4000万円以上の求償金を払えという判決と、払わなくてもよいという判決が併存? おかしくない!!

弁護士(釧路) 今 瞭美

1 事件の概要

 児童養護施設に収容されていた17歳の少年四人が、養護施設の臨時職員の指導に反感を持ち、諍いとなり、「火をつけるぞ」等という紛争があった。

 そういうことがあってほどなく四人で、その職員をこらしめる目的で、その職員が寝泊まりしている部屋に火をつけたところ、その部屋だけではなく、大きな火事となった。午後6時ころであった。この施設は、職員が六人で入所者は八人であった。

 保険会社が火災保険金を支払い、放火した少年四人と、その親権者である親に対して求償金として、約4008万円の請求をした。

 その施設には、合計で八人の少年が収容されていた。

 ボス的な18歳の少年がおり、四人の少年は「火をつける」ことについて同意を得て行ったということだが、その少年は、起訴されていない。

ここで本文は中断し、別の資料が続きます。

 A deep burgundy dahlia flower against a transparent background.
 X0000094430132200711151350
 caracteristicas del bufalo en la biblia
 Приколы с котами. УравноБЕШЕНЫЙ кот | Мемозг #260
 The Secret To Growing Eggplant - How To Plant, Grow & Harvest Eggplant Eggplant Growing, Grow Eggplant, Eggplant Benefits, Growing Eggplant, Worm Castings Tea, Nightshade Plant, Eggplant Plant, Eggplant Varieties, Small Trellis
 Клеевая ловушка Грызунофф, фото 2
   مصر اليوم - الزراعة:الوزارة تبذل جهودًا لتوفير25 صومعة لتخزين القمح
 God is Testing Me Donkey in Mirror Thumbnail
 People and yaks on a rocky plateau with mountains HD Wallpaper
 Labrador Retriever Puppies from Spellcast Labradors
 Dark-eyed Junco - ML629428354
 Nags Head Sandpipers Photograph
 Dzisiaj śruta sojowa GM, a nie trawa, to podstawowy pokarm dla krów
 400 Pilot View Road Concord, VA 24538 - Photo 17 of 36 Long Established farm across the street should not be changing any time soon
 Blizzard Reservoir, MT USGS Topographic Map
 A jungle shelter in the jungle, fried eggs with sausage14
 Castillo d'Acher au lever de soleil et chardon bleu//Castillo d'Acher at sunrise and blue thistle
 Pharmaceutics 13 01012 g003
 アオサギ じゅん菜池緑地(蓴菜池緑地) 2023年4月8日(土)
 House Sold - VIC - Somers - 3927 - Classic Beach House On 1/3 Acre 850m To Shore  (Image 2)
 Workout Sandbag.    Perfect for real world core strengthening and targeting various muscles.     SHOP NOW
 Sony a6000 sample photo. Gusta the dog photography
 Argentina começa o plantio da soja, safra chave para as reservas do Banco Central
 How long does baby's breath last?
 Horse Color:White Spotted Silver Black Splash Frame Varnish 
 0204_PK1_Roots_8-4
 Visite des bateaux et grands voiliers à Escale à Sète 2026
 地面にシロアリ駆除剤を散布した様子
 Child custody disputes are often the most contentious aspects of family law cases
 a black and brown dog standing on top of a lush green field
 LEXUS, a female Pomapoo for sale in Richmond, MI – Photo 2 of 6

2 保険会社は、施設に対して、火災保険金を支払ったとして、少年四人と、少年の親権者である親に対して求償金請求事件を提起した。

 訴額は、4008万余円である。

 原告は、あいおいニッセイ同和損害保険株式会社。

 被告は、四人の少年(17歳)とその少年の親権者である親。

 少年と少年の親の住所地は、旭川・千歳・釧路であった。